Several among the young CPM leaders are well educated, come from middle-class families, speak Bengali, English and Hindi with ease, freely quote Rabindranath Tagore and Karl Marx and are comfortable in communicating in a tongue that is very urbane.
However, critics have picked on the urbane features of these leaders to argue that the lack of the “right tongue” is not helping the party bridge its gulf with the marginalised sections of the people, whose support is required for the CPM’s revival in Bengal.
“Most of these youths have grown up in urban spaces, studied in good institutions, been part of students or youth movements and the party has rightly infused young blood to chart CPM’s revival in Bengal. But it is for the party to shape them into leaders who speak the language of the masses,” the leader said.
That is easier said than done.
The leader added: “The party needs to take young leaders out of their comfort zones and place them amid farmers, workers, tribals and the marginalised people. That will help them acquire a language and vocabulary spoken and understood at the grassroots. Like our slogans, the language of the leaders should remain rooted in ideology but spoken in common man’s lingo.”
A host of CPM leaders including Jyoti Basu, Robin Sen, Pramode Dasgupta, Harekrishna Konar, Benoy Chowdhury and Biman Bose came from relatively well-to-do families but their political lives and language were chiselled during their stints in the trade union and peasant movements where they mixed with the common people.

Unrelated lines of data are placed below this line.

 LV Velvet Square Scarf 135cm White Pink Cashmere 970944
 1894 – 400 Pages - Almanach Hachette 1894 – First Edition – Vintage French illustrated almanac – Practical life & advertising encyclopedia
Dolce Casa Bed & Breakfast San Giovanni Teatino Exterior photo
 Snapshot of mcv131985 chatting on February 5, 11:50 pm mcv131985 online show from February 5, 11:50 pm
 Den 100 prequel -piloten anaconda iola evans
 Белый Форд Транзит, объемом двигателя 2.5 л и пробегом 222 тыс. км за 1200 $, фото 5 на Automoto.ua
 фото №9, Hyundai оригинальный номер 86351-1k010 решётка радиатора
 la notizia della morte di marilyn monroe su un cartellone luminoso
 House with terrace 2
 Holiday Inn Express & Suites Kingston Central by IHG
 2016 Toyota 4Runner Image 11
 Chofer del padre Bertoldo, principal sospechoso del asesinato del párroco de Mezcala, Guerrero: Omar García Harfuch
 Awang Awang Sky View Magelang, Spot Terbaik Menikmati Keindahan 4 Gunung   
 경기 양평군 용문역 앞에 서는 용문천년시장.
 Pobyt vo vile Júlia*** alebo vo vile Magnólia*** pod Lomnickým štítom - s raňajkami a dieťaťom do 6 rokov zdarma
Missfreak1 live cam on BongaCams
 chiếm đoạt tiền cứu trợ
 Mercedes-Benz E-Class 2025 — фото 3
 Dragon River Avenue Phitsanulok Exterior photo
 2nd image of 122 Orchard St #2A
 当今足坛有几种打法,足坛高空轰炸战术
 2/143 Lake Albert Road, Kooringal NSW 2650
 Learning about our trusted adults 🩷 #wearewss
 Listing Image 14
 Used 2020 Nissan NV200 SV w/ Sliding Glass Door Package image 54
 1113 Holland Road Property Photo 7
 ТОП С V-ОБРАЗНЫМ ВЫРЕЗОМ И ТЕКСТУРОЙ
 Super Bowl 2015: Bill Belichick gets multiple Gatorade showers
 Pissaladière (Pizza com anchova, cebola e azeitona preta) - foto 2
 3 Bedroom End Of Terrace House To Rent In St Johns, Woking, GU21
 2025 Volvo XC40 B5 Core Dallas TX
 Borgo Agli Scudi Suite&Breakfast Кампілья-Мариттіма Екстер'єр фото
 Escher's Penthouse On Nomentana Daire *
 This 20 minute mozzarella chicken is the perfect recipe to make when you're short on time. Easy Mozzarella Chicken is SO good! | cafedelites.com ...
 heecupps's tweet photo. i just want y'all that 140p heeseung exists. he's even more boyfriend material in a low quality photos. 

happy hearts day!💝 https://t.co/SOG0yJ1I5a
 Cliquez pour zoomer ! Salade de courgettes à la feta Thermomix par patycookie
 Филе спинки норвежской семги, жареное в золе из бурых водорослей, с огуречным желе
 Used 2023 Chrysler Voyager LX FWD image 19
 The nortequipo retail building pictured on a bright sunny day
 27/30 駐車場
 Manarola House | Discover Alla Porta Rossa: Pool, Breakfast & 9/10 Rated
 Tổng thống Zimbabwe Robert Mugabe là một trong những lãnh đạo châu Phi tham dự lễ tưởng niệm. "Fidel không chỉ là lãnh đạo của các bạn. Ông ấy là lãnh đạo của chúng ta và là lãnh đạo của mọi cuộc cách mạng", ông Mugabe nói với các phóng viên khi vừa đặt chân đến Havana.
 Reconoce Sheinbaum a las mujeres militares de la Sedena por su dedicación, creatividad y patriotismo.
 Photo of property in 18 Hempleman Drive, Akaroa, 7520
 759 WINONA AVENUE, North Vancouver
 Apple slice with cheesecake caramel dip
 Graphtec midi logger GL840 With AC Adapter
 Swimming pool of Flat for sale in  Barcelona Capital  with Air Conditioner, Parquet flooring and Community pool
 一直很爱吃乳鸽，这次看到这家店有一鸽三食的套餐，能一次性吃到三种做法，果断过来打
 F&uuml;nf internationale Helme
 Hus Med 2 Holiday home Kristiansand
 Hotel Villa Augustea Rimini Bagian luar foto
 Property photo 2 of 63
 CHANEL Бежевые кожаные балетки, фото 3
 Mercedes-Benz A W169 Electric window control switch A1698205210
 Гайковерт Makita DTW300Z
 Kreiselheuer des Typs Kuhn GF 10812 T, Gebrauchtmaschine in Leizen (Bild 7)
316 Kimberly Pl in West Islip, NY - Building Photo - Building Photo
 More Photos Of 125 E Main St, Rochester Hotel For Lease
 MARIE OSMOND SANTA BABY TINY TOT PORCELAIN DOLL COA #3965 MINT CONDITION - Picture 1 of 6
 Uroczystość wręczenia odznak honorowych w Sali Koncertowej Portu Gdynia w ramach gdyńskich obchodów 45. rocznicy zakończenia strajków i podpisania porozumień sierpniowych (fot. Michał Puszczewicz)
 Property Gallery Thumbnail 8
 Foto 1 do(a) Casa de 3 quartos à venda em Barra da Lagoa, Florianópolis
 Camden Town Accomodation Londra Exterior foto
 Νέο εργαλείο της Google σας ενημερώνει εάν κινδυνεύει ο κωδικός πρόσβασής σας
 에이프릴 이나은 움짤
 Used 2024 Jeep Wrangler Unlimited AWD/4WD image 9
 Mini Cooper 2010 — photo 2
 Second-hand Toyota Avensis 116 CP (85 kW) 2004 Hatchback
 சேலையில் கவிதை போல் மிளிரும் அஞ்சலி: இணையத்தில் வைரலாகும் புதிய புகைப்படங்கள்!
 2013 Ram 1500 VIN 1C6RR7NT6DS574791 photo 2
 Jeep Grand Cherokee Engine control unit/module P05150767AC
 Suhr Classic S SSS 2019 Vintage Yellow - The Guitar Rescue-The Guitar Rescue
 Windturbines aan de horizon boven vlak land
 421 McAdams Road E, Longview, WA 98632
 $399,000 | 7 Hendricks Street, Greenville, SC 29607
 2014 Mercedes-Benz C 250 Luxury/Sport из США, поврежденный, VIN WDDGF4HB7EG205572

“Their lingo was born out of their interaction with the people at the grassroots. Some leaders like Bose are known to have spent days in tribal areas to organise them,” a CPM leader from Bankura said.
“Those who represent our party in public need to use words and expressions the poor of this state understand. Jargons like ‘narrative’, ‘corrupt’ might be familiar to an educated audience but do not impact the common people. If we want to attack the Trinamool for corruption, instead of words like ‘apadomostok durnitigrosto dal (totally corrupt party), saying ‘ekta choreder dal (a party of thieves)’ can create an immediate connect with people at public meetings,” saidanother leader.
The leader recollected how party stalwarts like Ramnarayan Goswami, health minister in Jyoti Basu’s cabinet, could speak in a rustic tongue that would immediately resonate with the common people.
“Once Ramnarayan-da was addressing a rally in Burdwan’s Rasikpur in the aftermath of the Babri Masjid demolition. By then, RSS affiliates like the VHP had given the call to collect bricks from every home for the temple in Ayodhya. Goswami asked people to be alert as some thieves were stealing bricks in the name of building a temple but their intention was to damage people’s harmony brick by brick. He used rustic words and rural metaphors to strike a chord with the people and send across the intended message,” an elderly party leader said.
He also wished that the CPM regained the “lost tongue”.
The veteran lauded young leaders like Minakshi Mukherjee, Dhrubajyoti Saha and Pratikur Rahaman for speaking in a language free from jargon.
“We need more like them.... The popularity of Minakshi among all sections of party supporters shows she has been able to have an impact on them and most of it has happened through her bilingual speeches and leadership qualities. But she has a bigger task at hand — reaching out to people beyond her support base. If she achieves that, it will be a real test of her communication skills, something the party desperately needs if it has to rejuvenate,” the veteran said.